Android 11 launched on Google Pixel devices earlier this month, but it will be a while before the update is available for other brands. Samsung, of course, is working hard behind the scenes to bring Android 11 to one of its newest devices, and now we have a look at what’s to come. Here’s a quick look at what the OneUI 3.0 initial beta looks like.
In case you didn’t know, Samsung is holding a closed beta to give developers the chance to test their apps on the company’s Android 11. We were able to get this to work on a computer thanks to a trick in the Samsung Members app on the Galaxy S20 +, but straight away we cleared things up. Don̵
What’s new in OneUI 3.0? This first beta has a few changes, starting with a few tweaks to the user interface. In this update, Samsung is clearly focusing on cleansing the skin and making it feel more natural. One of the first places you’ll see is the lock screen. You will find that the clock is now bigger, centered, and more effectively directing your attention to it. The colors on the icons are now consistent too, and you may notice that the fingerprint sensor icon has changed.
If you move on to the home screen, many of these changes will continue. Samsung’s weather widget, for example, is now centered on the screen, which immediately makes the design a bit more fitting. Another nice touch is the background color of folders, which now goes with the light or dark themes.
Samsung is also adding some more translucent elements to its user interface in Android 11. For notifications, for example, the background elements now only let through a little and the background as a whole has a nice Gaussian blur. This effect is also used behind the multitasking screen. Everything looks best in dark mode if you ask me.
Speaking of dark mode: In OneUI 3.0, the quick switching of settings for this function has apparently been removed.
To round off the changes to the user interface, Samsung has also optimized its animations in OneUI 3.0. They’re a little faster, a little cleaner, and feel thanks to the refresh rate of 120 Hz very smooth. We’ve included some of the new animations in the shots below, but GIFs just don’t do it justice.

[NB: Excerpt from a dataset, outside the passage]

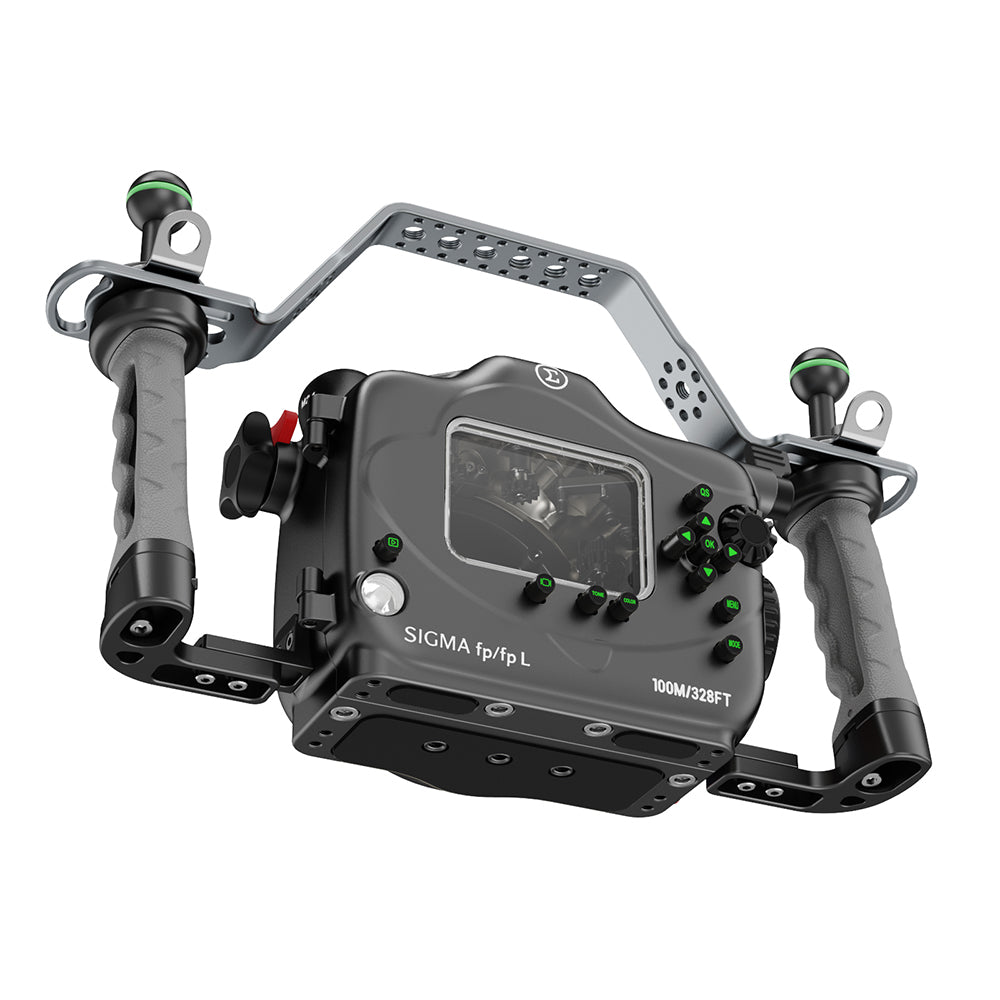 Aluminum Housings for Sigma FP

In terms of feature enhancements, Android 11’s notification improvements are definitely available on Samsung OneUI 3.0. This also includes the “Conversations” section. Bubbles are there, but they’re buried in the settings menu. Fortunately, they are still enabled by default for supported apps. However, for the same reason, there is another headlining feature of Android 11 that won’t show up in the first beta version of OneUI 3.0 – control of the power menu. By default, Bixby still opens, and even if you dive into the settings there’s still no way to turn on the Power menu controls so useful to Pixels.
However, Android 11’s new media card is present in this build. However, it is also like that great Buggy when playing multiple apps. I also noticed that the search bar is not updating.

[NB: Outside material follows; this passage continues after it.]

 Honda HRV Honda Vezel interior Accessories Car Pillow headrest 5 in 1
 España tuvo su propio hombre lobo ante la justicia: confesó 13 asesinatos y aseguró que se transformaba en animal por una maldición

Samsung has also made some improvements to its own features. For one, there’s a new high-level shortcut to Android Auto in Samsung’s Settings menu. Another major addition is wireless DeX support. This feature was first available for the Galaxy Note 20 series. Notifications now also have a “brief” and “detailed” popup function. “Detailed” is typical Android behavior, while “Kurz” has a smaller design that also includes edge lighting and works when the display is switched off.
Another small improvement in Samsung’s Android 11 build is the addition of the vertical volume control. It now better fits the current design of Android while maintaining an expandable menu for media, ringtone, and other volume controls.

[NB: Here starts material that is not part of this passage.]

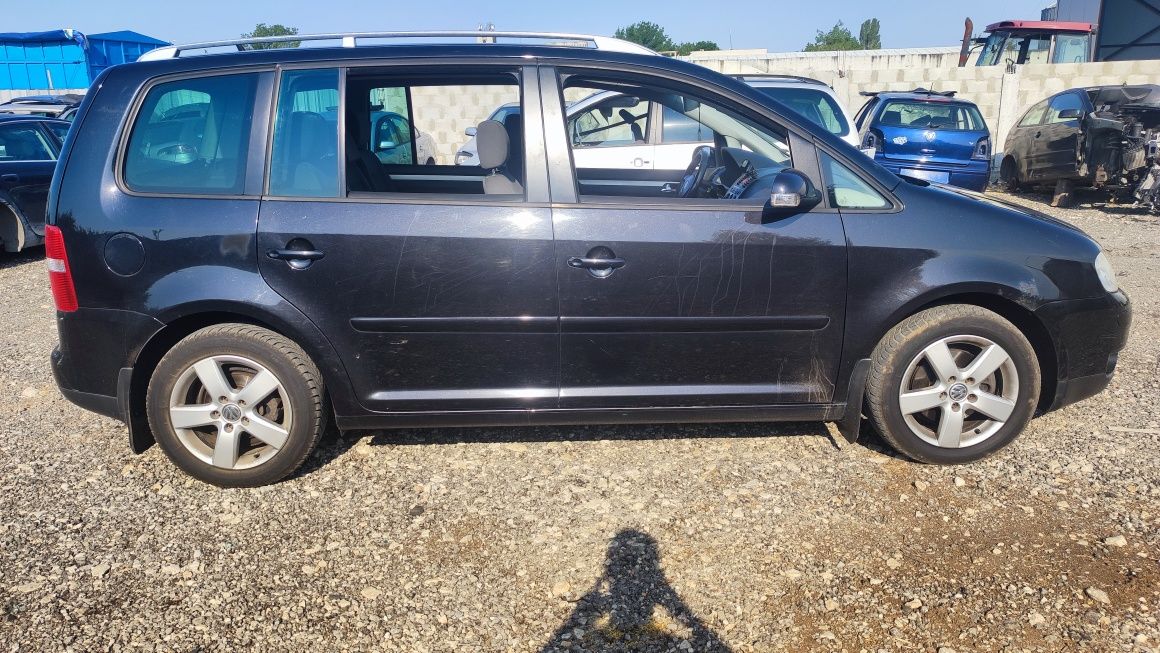 Vw Touran 2.0 TDI на части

Aside from these major changes, Samsung has updated a handful of other UI elements. For example, the battery screen no longer buries usage data in a second screen. You can now set a custom wallpaper for the call screen. You can now double-tap the home screen to turn the display off. There are a number of other small changes like this, many of which are with the people XDA have broken down in detail.
Sure, the final versions of Android 11 for Samsung devices are set to change a lot more, but this first beta gives us a good look at what the company is working towards.